Given data below:

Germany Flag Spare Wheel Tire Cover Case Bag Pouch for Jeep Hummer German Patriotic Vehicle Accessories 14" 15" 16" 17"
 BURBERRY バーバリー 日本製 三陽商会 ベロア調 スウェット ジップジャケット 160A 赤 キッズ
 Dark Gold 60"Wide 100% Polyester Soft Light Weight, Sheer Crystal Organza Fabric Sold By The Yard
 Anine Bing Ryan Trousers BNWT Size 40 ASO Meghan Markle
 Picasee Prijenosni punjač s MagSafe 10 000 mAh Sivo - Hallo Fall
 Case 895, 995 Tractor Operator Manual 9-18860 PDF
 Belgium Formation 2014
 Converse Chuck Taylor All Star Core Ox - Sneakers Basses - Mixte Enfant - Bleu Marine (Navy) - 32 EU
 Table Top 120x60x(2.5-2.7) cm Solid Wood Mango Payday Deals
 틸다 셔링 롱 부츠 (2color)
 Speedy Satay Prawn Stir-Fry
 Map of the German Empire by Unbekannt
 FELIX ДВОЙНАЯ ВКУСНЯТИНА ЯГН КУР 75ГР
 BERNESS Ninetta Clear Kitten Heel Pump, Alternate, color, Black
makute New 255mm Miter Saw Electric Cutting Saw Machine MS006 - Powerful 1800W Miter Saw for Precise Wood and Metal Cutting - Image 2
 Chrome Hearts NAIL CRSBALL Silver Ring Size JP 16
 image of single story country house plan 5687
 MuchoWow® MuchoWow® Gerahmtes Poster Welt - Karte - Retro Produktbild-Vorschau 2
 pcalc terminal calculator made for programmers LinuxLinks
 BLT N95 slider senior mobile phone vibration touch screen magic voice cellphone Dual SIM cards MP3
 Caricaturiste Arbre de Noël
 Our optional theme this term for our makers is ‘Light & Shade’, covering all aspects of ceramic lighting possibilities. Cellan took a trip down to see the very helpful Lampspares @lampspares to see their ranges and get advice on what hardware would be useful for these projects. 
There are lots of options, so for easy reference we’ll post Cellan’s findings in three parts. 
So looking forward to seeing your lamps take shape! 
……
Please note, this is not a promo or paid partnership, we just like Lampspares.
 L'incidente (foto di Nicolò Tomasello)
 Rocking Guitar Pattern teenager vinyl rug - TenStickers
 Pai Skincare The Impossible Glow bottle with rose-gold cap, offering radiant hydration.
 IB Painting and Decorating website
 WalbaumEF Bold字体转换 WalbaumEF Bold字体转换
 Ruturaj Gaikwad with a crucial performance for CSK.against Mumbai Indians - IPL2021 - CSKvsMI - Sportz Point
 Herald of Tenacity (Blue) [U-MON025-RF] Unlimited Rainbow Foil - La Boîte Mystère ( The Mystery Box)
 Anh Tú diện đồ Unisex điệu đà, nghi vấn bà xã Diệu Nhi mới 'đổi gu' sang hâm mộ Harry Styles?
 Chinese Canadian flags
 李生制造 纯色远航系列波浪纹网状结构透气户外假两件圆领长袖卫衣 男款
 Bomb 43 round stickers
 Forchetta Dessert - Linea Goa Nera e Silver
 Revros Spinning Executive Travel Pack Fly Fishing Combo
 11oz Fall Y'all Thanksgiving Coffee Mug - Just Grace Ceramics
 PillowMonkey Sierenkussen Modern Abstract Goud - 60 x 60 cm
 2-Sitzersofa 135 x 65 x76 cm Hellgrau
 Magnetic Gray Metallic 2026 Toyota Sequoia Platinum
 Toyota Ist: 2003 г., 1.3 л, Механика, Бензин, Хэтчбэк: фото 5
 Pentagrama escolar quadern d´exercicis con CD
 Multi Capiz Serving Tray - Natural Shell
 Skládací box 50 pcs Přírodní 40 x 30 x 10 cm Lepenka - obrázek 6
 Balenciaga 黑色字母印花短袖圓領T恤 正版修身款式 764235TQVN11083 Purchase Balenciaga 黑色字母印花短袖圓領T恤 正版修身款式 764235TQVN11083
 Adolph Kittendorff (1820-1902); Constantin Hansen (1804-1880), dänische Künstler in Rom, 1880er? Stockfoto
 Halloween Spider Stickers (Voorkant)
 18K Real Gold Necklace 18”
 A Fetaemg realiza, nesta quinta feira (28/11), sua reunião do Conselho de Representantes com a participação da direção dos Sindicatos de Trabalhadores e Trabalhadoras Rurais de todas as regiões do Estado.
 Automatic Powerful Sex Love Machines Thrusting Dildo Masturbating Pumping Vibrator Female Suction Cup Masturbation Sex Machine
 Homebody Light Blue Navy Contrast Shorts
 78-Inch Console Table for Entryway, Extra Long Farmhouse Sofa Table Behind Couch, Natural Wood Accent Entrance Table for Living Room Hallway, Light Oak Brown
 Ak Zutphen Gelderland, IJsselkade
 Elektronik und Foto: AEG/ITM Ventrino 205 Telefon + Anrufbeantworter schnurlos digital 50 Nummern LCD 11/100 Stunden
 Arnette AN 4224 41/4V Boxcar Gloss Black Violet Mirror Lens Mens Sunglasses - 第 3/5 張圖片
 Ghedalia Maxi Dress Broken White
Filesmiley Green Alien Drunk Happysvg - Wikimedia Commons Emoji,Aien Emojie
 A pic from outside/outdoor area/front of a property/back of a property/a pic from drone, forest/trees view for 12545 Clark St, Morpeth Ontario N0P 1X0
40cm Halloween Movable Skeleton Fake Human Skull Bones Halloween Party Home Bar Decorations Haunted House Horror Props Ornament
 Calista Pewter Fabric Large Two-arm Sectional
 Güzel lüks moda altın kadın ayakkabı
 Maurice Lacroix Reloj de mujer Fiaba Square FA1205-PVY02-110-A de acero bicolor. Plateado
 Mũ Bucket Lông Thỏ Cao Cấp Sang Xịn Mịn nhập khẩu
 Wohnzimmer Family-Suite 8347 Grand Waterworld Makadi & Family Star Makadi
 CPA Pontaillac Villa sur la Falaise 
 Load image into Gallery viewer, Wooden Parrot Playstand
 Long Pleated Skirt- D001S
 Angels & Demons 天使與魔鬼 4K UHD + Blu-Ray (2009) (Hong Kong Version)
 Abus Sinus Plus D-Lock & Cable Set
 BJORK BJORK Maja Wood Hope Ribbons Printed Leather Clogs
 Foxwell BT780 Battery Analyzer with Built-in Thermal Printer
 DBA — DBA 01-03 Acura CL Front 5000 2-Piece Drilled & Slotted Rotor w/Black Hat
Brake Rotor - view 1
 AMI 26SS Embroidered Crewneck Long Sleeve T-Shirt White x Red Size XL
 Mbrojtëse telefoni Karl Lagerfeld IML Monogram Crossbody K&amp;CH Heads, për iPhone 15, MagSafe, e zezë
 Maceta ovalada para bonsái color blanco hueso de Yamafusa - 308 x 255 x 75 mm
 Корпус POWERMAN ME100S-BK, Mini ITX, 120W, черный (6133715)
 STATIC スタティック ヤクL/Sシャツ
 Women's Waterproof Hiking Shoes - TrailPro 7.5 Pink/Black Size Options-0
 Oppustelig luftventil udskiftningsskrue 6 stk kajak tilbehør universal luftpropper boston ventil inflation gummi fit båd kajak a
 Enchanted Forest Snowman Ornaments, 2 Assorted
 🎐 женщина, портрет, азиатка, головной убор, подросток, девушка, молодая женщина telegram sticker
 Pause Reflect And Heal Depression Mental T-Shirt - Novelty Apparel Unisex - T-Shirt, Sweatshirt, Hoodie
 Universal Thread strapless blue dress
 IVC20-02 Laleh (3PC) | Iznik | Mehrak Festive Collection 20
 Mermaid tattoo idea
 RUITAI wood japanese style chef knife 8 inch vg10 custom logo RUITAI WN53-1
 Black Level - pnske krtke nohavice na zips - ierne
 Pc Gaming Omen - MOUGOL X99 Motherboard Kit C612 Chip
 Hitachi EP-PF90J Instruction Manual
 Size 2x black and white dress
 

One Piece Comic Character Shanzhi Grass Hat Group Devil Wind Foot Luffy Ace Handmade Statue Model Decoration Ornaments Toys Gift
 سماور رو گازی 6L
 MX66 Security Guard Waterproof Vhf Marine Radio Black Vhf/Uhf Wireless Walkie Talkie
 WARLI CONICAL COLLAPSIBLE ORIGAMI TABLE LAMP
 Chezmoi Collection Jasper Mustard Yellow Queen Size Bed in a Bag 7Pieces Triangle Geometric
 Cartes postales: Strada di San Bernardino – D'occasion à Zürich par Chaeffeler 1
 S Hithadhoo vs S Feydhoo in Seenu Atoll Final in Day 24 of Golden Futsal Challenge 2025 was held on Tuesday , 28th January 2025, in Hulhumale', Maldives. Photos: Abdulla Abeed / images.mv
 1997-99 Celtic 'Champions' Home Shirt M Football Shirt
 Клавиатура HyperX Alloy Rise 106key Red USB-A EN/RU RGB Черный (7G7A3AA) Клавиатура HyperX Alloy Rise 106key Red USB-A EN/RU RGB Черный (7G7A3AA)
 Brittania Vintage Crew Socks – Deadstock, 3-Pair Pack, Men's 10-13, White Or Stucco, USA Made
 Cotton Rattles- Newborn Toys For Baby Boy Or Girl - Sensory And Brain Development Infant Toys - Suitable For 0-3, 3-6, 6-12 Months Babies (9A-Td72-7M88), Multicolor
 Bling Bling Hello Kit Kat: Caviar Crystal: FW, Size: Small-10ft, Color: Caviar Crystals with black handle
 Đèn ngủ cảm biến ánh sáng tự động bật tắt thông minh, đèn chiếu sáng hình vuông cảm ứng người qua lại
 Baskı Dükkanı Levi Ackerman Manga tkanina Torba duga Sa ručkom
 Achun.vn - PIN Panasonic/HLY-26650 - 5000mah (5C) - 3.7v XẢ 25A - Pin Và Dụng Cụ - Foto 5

End of Given data.

▸ Work instructions: Begin at the line that has "Foxwell BT780 Battery" in the entries above; stop after the line that has "Women's Waterproof Hiking". Transcribe exactly those lines and no others.

▸ Exercise answer:
 Foxwell BT780 Battery Analyzer with Built-in Thermal Printer
 DBA — DBA 01-03 Acura CL Front 5000 2-Piece Drilled & Slotted Rotor w/Black Hat
Brake Rotor - view 1
 AMI 26SS Embroidered Crewneck Long Sleeve T-Shirt White x Red Size XL
 Mbrojtëse telefoni Karl Lagerfeld IML Monogram Crossbody K&amp;CH Heads, për iPhone 15, MagSafe, e zezë
 Maceta ovalada para bonsái color blanco hueso de Yamafusa - 308 x 255 x 75 mm
 Корпус POWERMAN ME100S-BK, Mini ITX, 120W, черный (6133715)
 STATIC スタティック ヤクL/Sシャツ
 Women's Waterproof Hiking Shoes - TrailPro 7.5 Pink/Black Size Options-0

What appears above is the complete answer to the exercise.